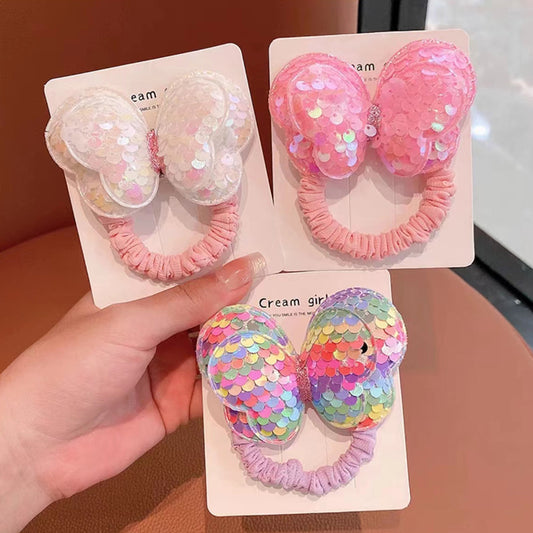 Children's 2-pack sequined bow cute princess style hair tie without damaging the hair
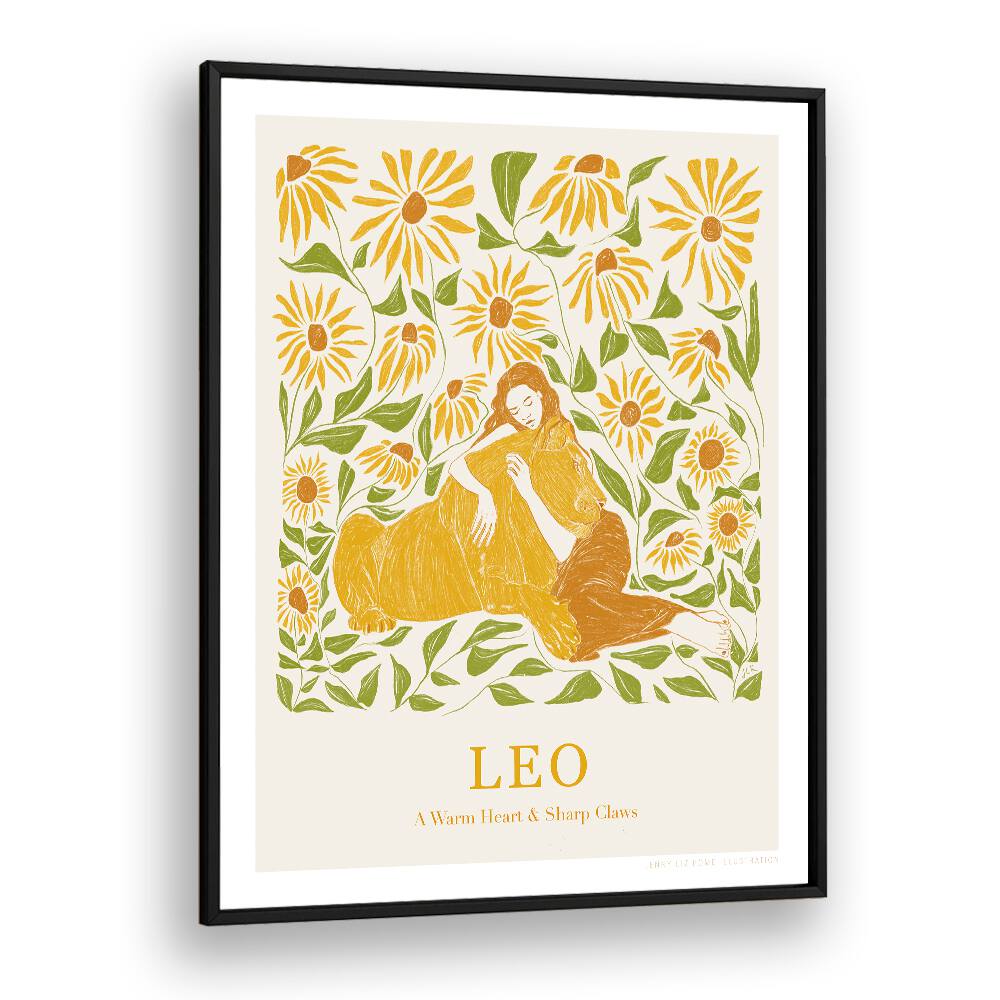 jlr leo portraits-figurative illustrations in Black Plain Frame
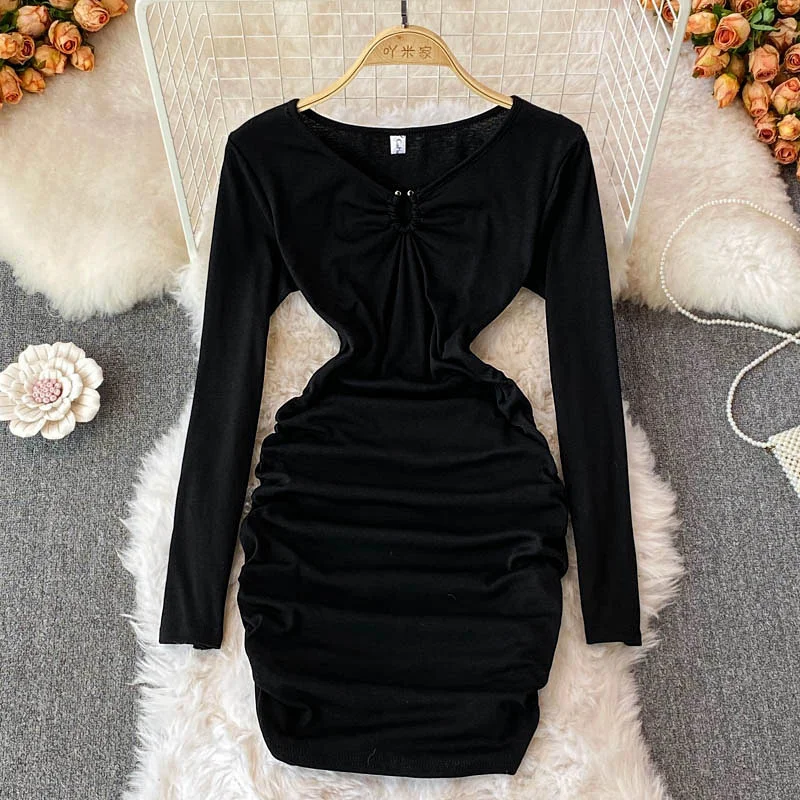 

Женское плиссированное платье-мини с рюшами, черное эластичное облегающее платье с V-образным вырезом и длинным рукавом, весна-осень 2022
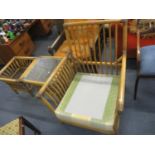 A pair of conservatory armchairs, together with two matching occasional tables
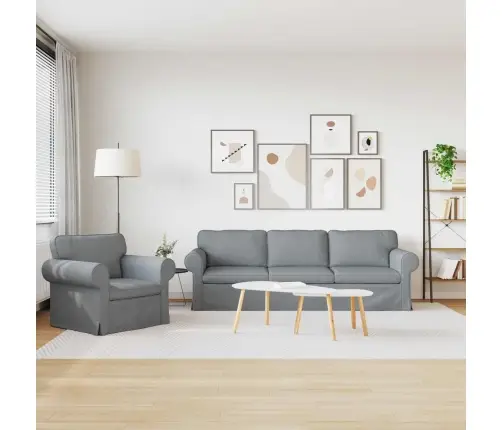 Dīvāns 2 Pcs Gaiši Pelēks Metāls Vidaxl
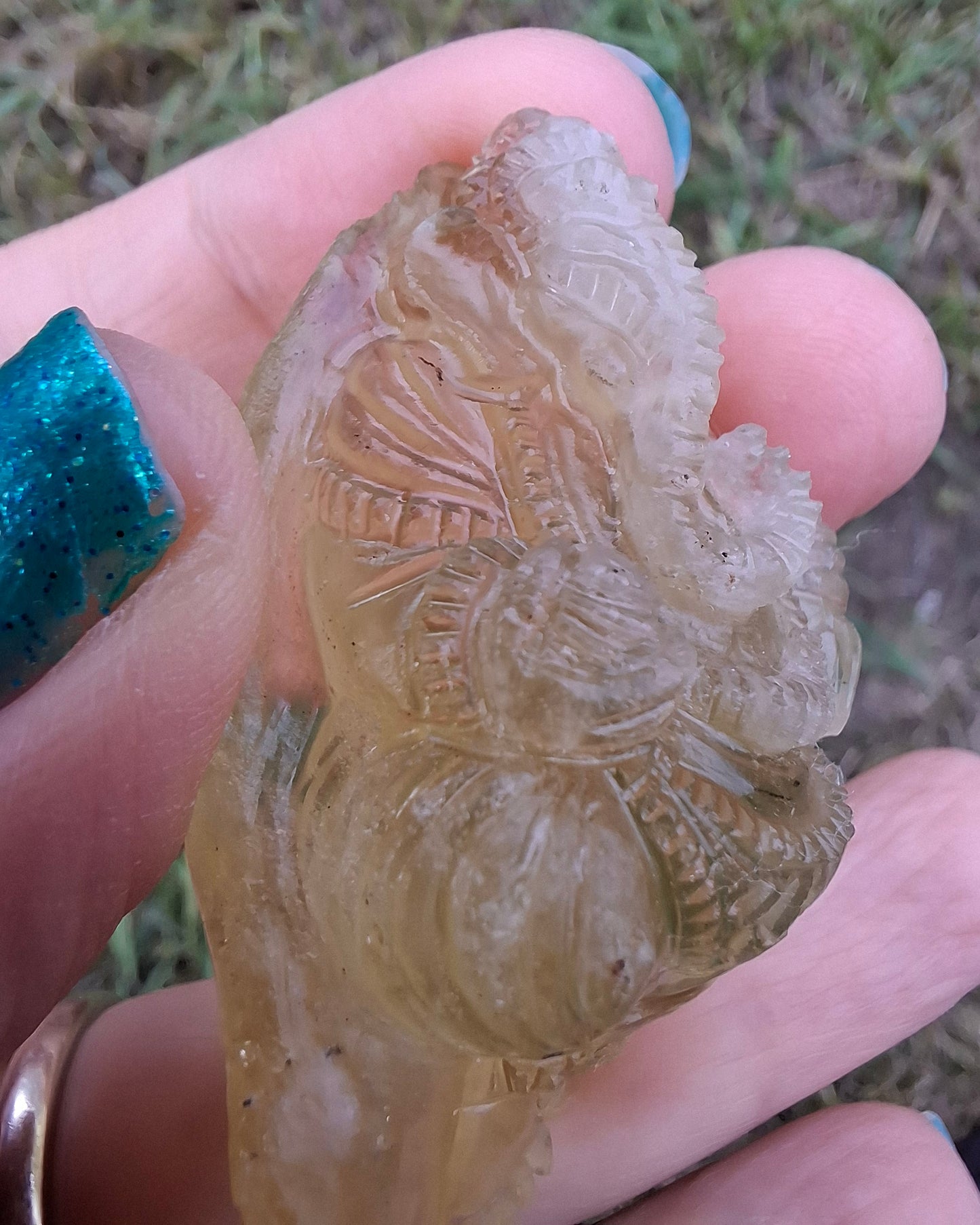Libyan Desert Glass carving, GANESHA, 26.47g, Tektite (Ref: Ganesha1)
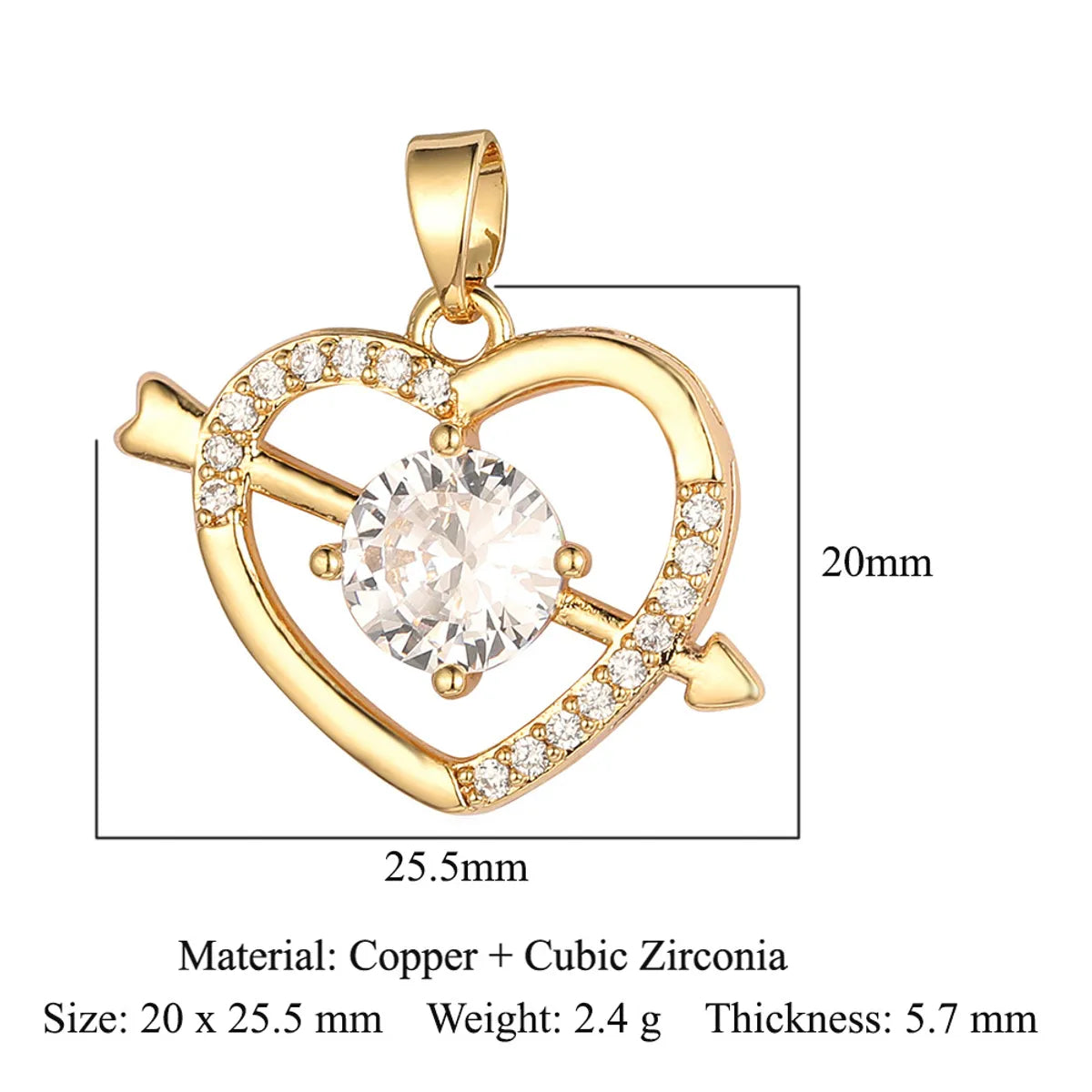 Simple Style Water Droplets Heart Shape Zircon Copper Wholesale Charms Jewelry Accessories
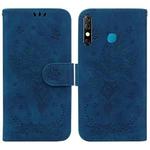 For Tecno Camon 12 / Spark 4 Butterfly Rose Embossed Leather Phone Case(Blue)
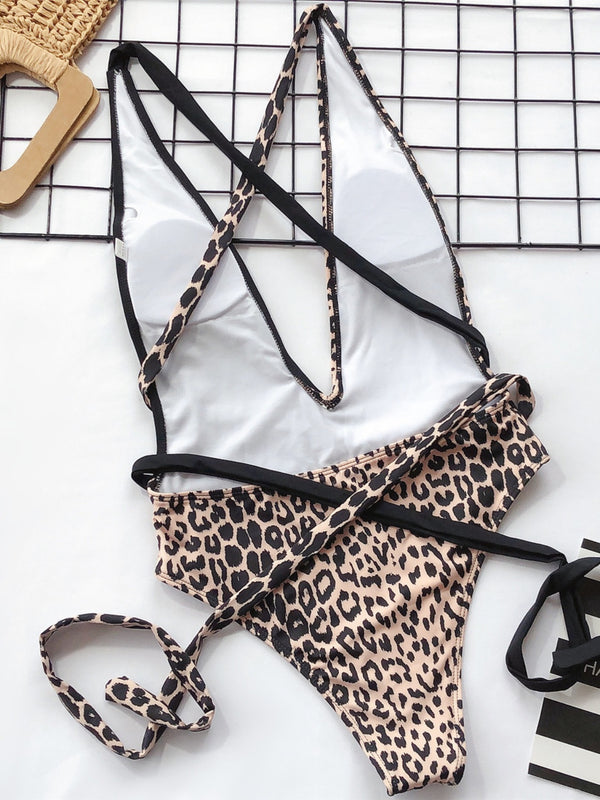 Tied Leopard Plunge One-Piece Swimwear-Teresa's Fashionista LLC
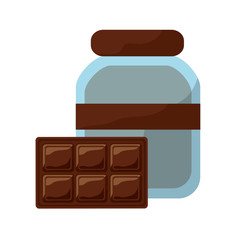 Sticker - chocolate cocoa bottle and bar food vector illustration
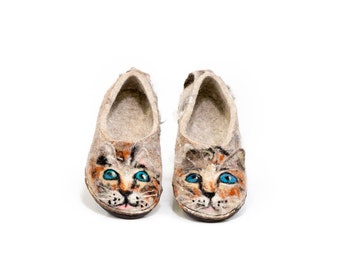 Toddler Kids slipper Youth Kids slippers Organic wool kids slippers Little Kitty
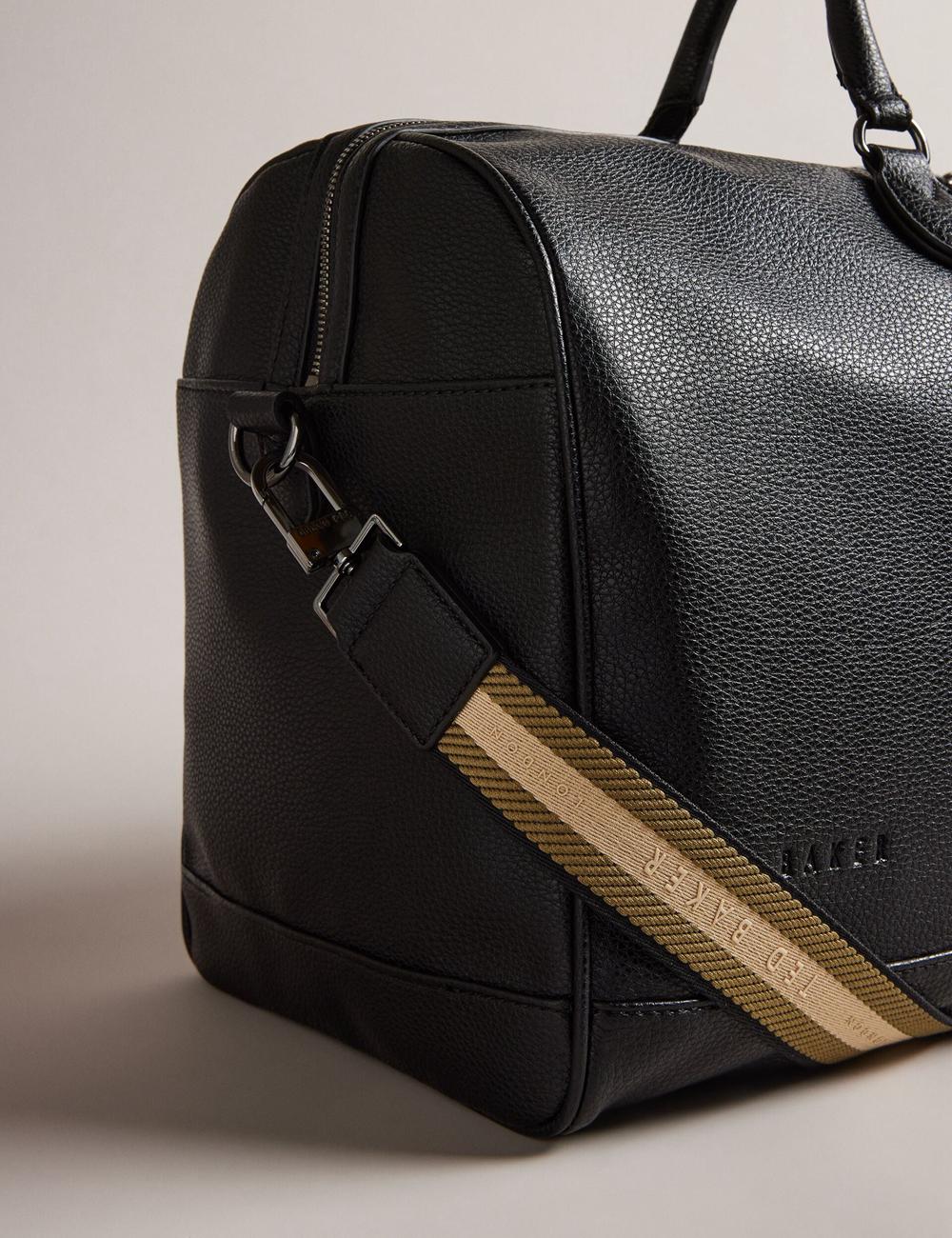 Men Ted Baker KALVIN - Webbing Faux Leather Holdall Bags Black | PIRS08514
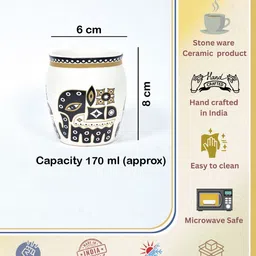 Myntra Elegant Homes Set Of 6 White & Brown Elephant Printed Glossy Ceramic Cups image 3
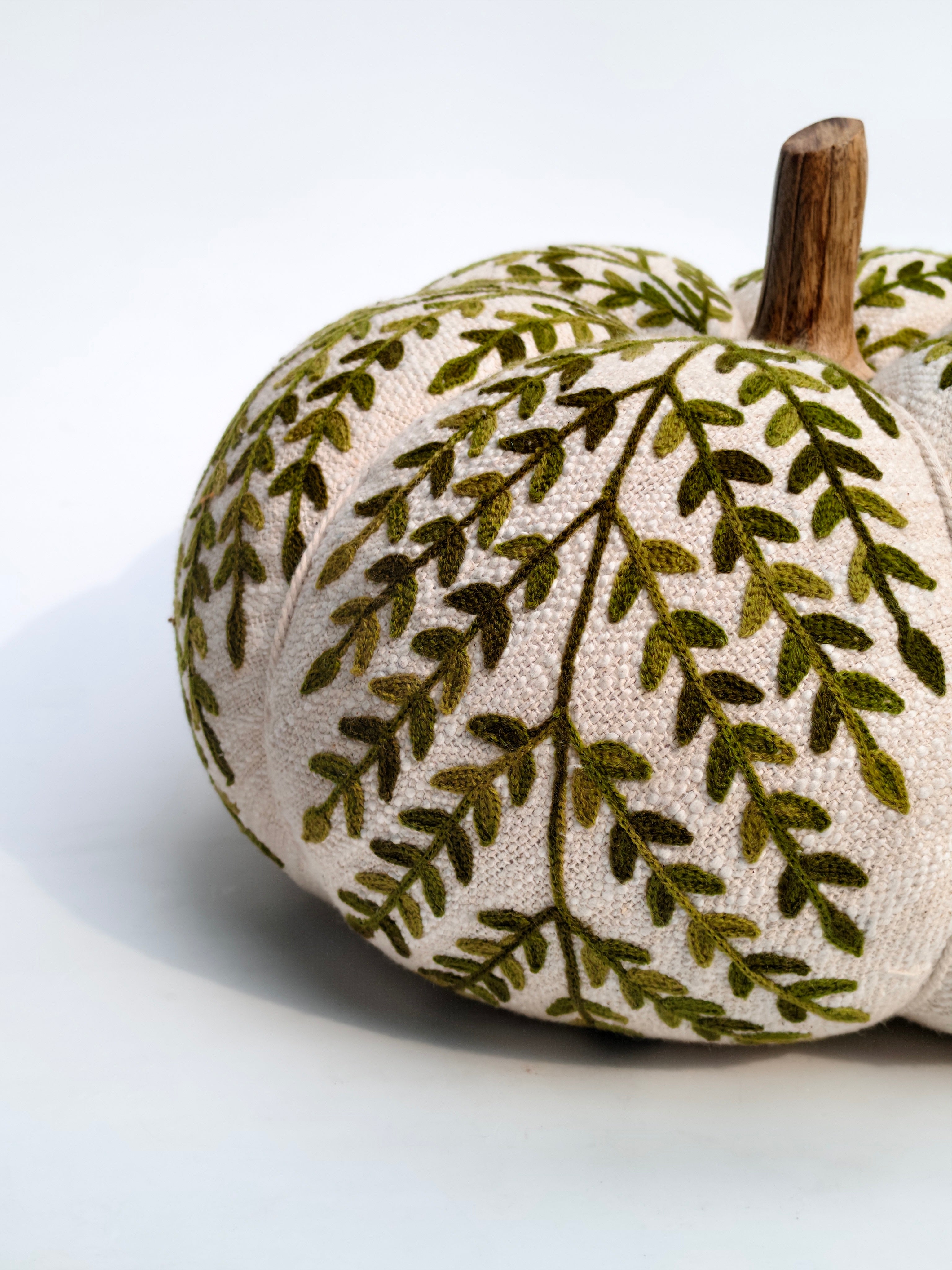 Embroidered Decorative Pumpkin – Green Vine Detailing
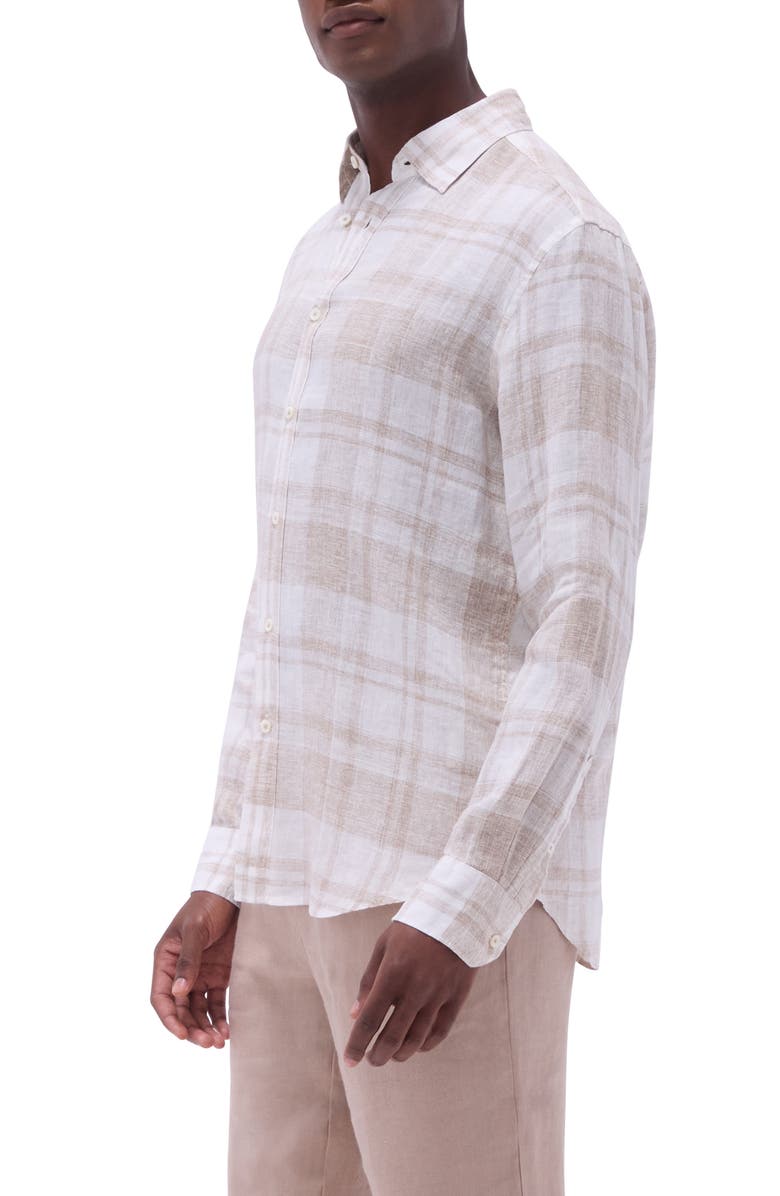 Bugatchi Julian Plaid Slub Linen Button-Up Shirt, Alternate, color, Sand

● **Problem requirements**: Leave out the pictures and output the rest of the material exactly as written.

● **Exercise output**:
 Children's 2-pack sequined bow cute princess style hair tie without damaging the hair
 jlr leo portraits-figurative illustrations in Black Plain Frame

Женское плиссированное платье-мини с рюшами, черное эластичное облегающее платье с V-образным вырезом и длинным рукавом, весна-осень 2022
 A pair of conservatory armchairs, together with two matching occasional tables
 Dīvāns 2 Pcs Gaiši Pelēks Metāls Vidaxl
Libyan Desert Glass carving, GANESHA, 26.47g, Tektite (Ref: Ganesha1)
 Simple Style Water Droplets Heart Shape Zircon Copper Wholesale Charms Jewelry Accessories
 For Tecno Camon 12 / Spark 4 Butterfly Rose Embossed Leather Phone Case(Blue)
 Tied Leopard Plunge One-Piece Swimwear-Teresa's Fashionista LLC
 Sticker - chocolate cocoa bottle and bar food vector illustration
 Toddler Kids slipper Youth Kids slippers Organic wool kids slippers Little Kitty
 Men Ted Baker KALVIN - Webbing Faux Leather Holdall Bags Black | PIRS08514
 Myntra Elegant Homes Set Of 6 White & Brown Elephant Printed Glossy Ceramic Cups image 3
 Embroidered Decorative Pumpkin – Green Vine Detailing
 Bugatchi Julian Plaid Slub Linen Button-Up Shirt, Alternate, color, Sand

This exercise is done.